What the task requires — Find the line containing "#10 photo, 50 Carr Road, Ferndale , NY 12734" in the listing below; reproduce it and every line after, exactly. Skip pictures.
*** Opening of Data segment ***
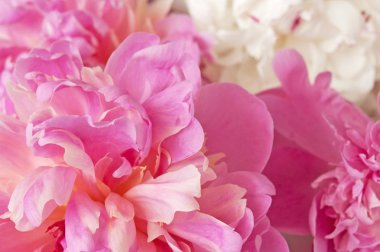 taze parlak çiçek açan peonies çiçek arka plan. Beyaz ve pembe tomurcuk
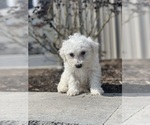 Small #3 Bichon Frise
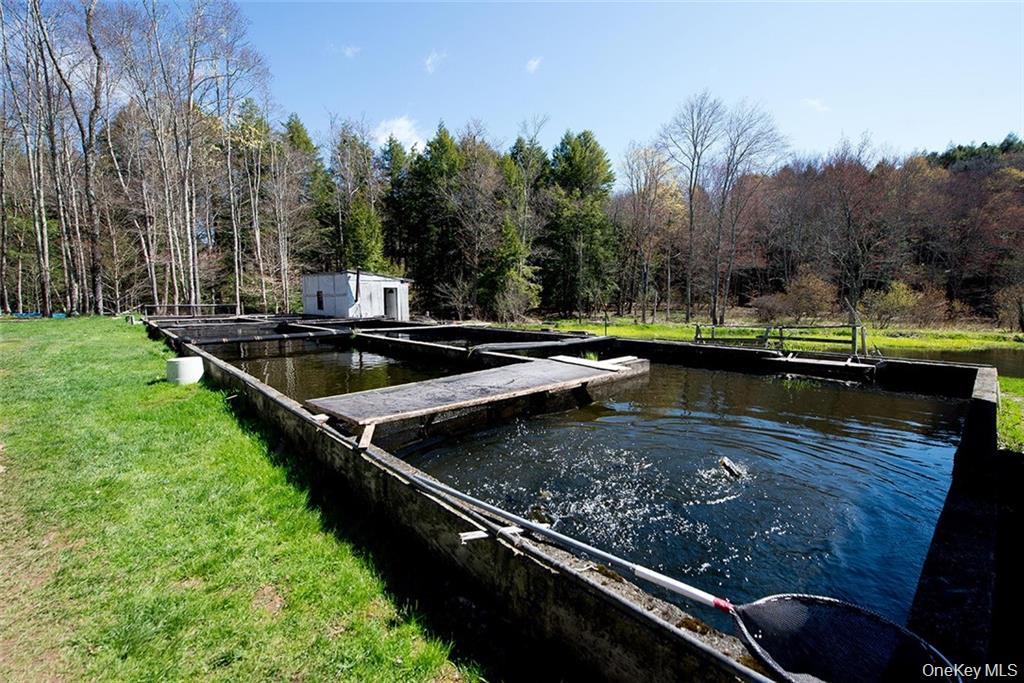 #10 photo, 50 Carr Road, Ferndale , NY 12734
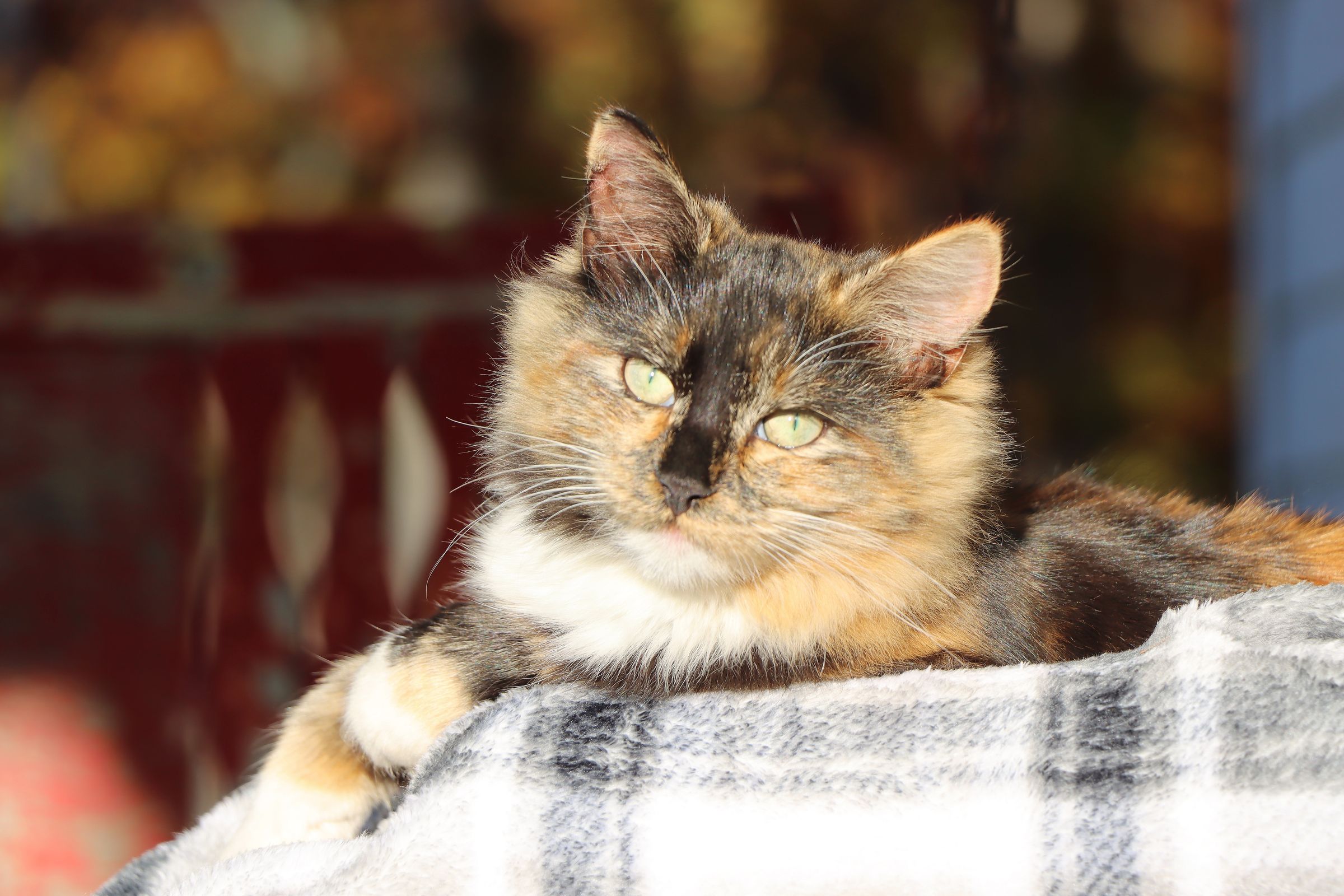 Crystal's Photo Studio's image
*** Close of Data segment ***
Solution to the exercise —
 #10 photo, 50 Carr Road, Ferndale , NY 12734
 Crystal's Photo Studio's image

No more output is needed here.